États-Unis : le loup gris n'est plus une espèce protégée

Alors que le loup gris n’occupe qu’une petite fraction de son ancienne aire de répartition, l'administration Trump estime que sa population s’est rétablie. Les défenseurs de l’environnement contestent cette décision.

De Christine Peterson
Photographies de Ronan Donovan
Publication 5 nov. 2020, 16:19 CET, Mise à jour 6 nov. 2020, 10:09 CET
Un loup marque une pause au bord de Pelican Creek, dans le parc national de Yellowstone. Les ...

Un loup marque une pause au bord de Pelican Creek, dans le parc national de Yellowstone. Les scientifiques ont réintroduit le prédateur dans la région dans les années 1990.

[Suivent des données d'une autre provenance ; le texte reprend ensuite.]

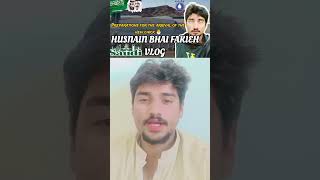 HUSNAIN BHAI FAKIEH VLOG foryou virlvideo tranding popular gesibanglari allahhuakbar [upl. by Shandie]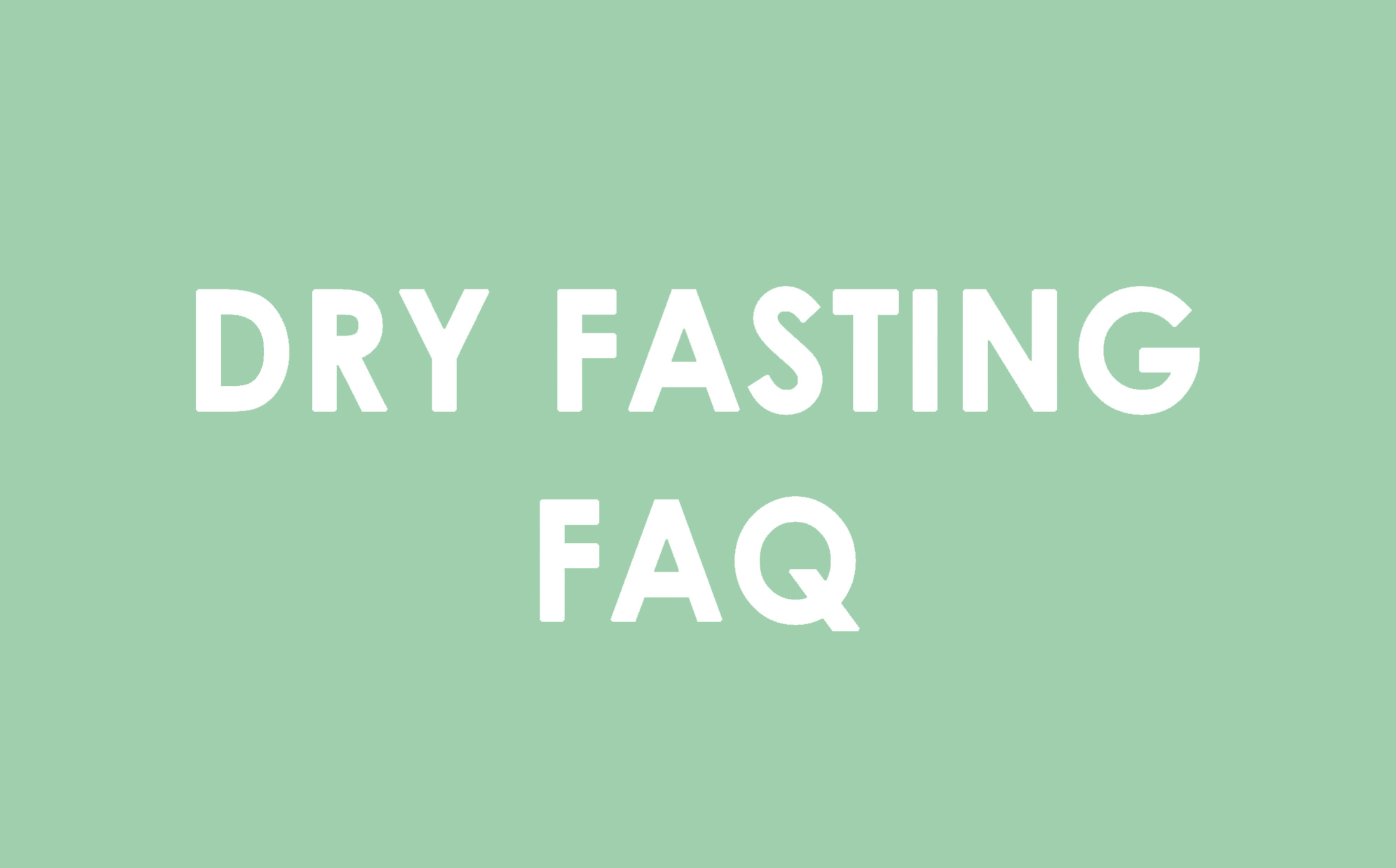 dry-fasting-faq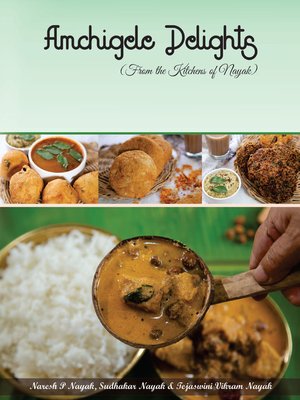 cover image of Amchigele Delights: from the Kitchens of Nayak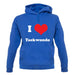 I Love Taekwondo unisex hoodie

PHOTOGRAPHIE DE Ronan Donovan

Le 29 octobre dernier, l’U.S. Fish and Wildlife Service a annoncé que le loup gris n’était plus considéré comme une espèce protégée dans les États-Unis contigus, déclenchant une vague de recours en justice déposés par les défenseurs des loups, qui jugent cette décision prématurée.

En mars 2019, alors qu’il commençait le processus de retrait de l’espèce de la liste des espèces protégées, l’organisme avait déclaré que la population de loups gris, qui compte environ 6 000 individus dans les États-Unis contigus, était « stable et se portait bien dans l’ensemble de son aire de répartition actuelle ».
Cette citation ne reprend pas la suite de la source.